I'm sorry i don't know much about wing chun in America i am in Australia but i can give you some advice on what to look for. A good quality wing chun school should follow this. 
The basic principles of wing chun are SIMPLICITY , DIRECTNESS , ECONOMY OF MOVEMENT , MINIMUM USE OF BRUTE STRENGTH and PRACTICALITY if what they are teaching there does not fit that criteria then it might be wise to go some where else.


----------



## chisauking (Jul 1, 2008)

MJM sez: The basic principles of wing chun are SIMPLICITY , DIRECTNESS , ECONOMY OF MOVEMENT , MINIMUM USE OF BRUTE STRENGTH and PRACTICALITY if what they are teaching there does not fit that criteria then it might be wise to go some where else.

All the clubs follow this mantra........Trouble is, finding a place that can actually apply this in realtime.

Another problem is the difference in defining the words. For example, some schools tack everything under the sun onto their wing chun in order to cover every possible permutations of scenerios.
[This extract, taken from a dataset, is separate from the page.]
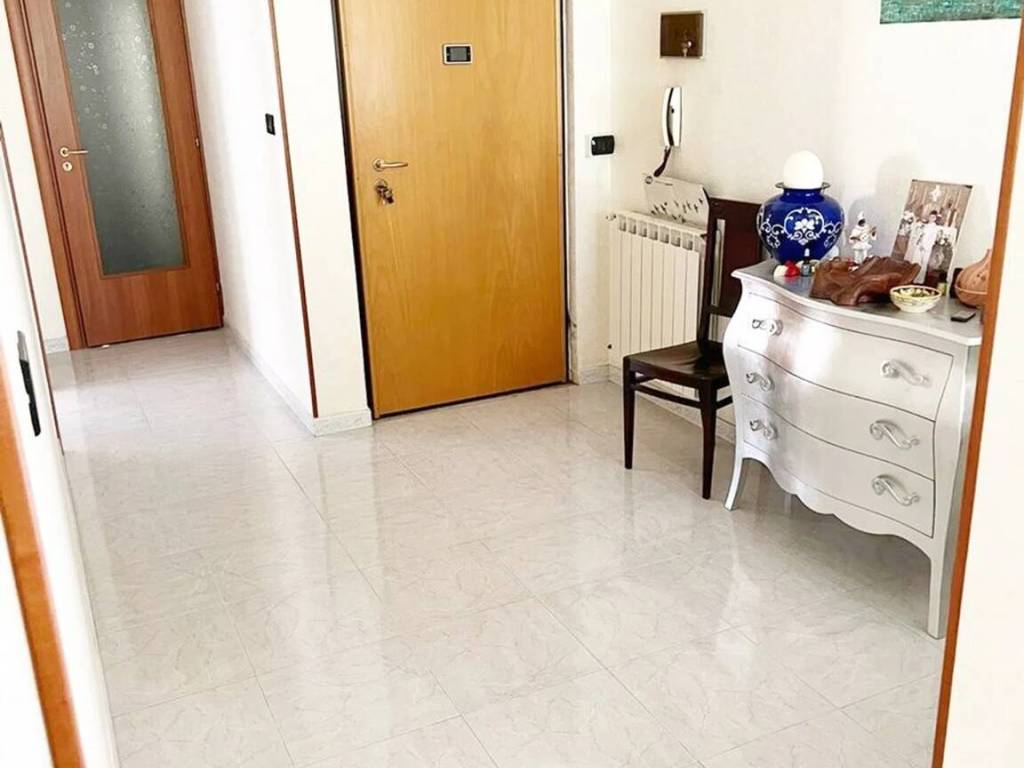 Appartamento a Barcellona pozzo di gotto in Matteotti - Foto 5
How, then, can this be described as SIMPLE?

As far as schools in Queens, I think sifu Allen Lee teaches in the surrounding area.


----------



## eyecbatty (Jul 16, 2008)

Yea Allen Lee has his school in the bronx..im looking for a real good school in queens


----------



## brocklee (Jul 17, 2008)

Well there's Grados WC in queens on saturdays at 9am.  He should be pretty good cause his sifu was my sifu's sifu lol  As silly as that sounds.  I don't have personal experience with his instruction but looking at his website he takes pride in it.


----------



## dungeonworks (Jul 17, 2008)

brocklee said:


> Well there's Grados WC in queens on saturdays at 9am.  He should be pretty good cause his sifu was my sifu's sifu lol  As silly as that sounds.  I don't have personal experience with his instruction but looking at his website he takes pride in it.



Sifu Grados has some stuff on YouTube.com that looks pretty good.  If were in your location and in the same situation I would see it as a place to visit based solely on his YouTube stuff.  I know nothing else of him.

Good luck!


----------



## geezer (Jul 17, 2008)

brocklee said:


> Well there's Grados WC in queens on saturdays at 9am.  He should be pretty good cause his sifu was my sifu's sifu lol  As silly as that sounds.  I don't have personal experience with his instruction but looking at his website he takes pride in it.



I believe he's also featured in the current issue of _Inside Kung Fu_ as well. Brocklee, I thought you were training with Dr.  Joy Chaudhuri from the Augustine Fong-Ho Kam Ming lineage?


----------



## Brad Dunne (Jul 17, 2008)

http://ildokwan.homestead.com/main1.html

It's not Wing Chun, but they have some students that are in Corrections and Law Enforcement. Just thought I'd offer it as a secondary sorce of information.


----------



## brocklee (Jul 18, 2008)

geezer said:


> I believe he's also featured in the current issue of _Inside Kung Fu_ as well. Brocklee, I thought you were training with Dr.  Joy Chaudhuri from the Augustine Fong-Ho Kam Ming lineage?



That's right.  I was attempting to be funny but it back fired.  I left out one sifu in that comment.  It should have been my sifu's sifu's sifu lol


----------